Application of exhaustive scans is not limited to association testing and could be useful in further applications, in particular for studying methylation and evolutionary selection. In fact, our preliminary results show that the exhaustive scan is feasible for the study of selection when used with SFS-based tests such as Tajima’s D (data not shown). This is due to the fact that the computational complexity of SFS-based tests is independent from the number of individuals in the study, since only allele count data is required. As a consequence, the quadratic space of all contingent regions can be computed by brute force, even for very large data sets. Moreover, modern, efficient coalescent simulators such as msprime [31] and fastsimcoal2 [32] can be used to simulate the null model under neutral evolution under realistic demographic histories [33], which can be used for FWER-controlled p values.

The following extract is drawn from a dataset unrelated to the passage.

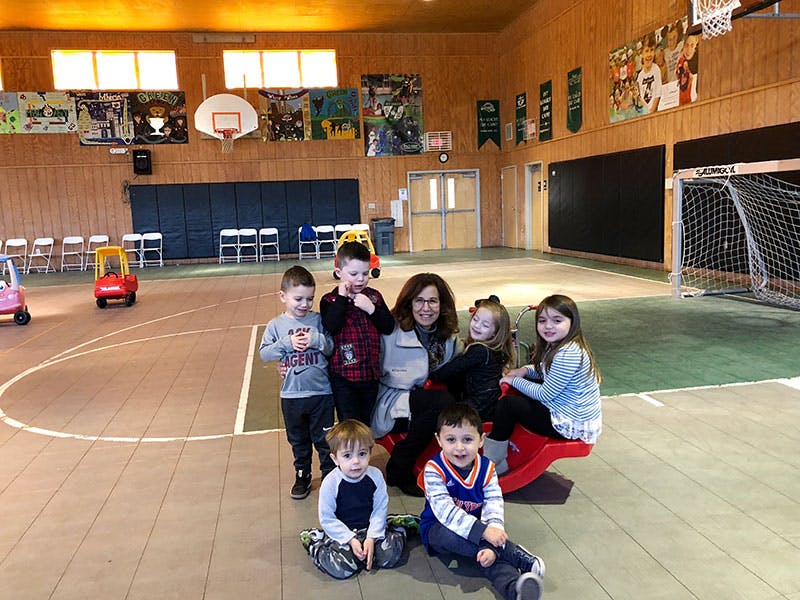 Adult and multiple children posing in a gymnasium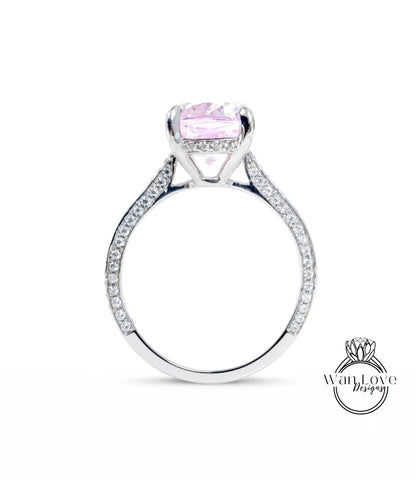 A silver engagement ring with a large pink gemstone, set in a diamond-encrusted band.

In summary, we developed a method that allows for an exhaustive scan of all possible contiguous genomic regions with the collapsing test and eliminates the choice of candidate bins. Instead, the space of all possible bins is tested. This eliminates binning as a source of type II error and is expected to improve power. Furthermore, the speed-up by several orders of magnitude allows for computation of nonconservative genome-wide significance thresholds by permutation, leading to improved power when compared with conservative correction methods such as Bonferroni’s. We show that GECS indeed improves statistical power in both simulated and empirical data sets.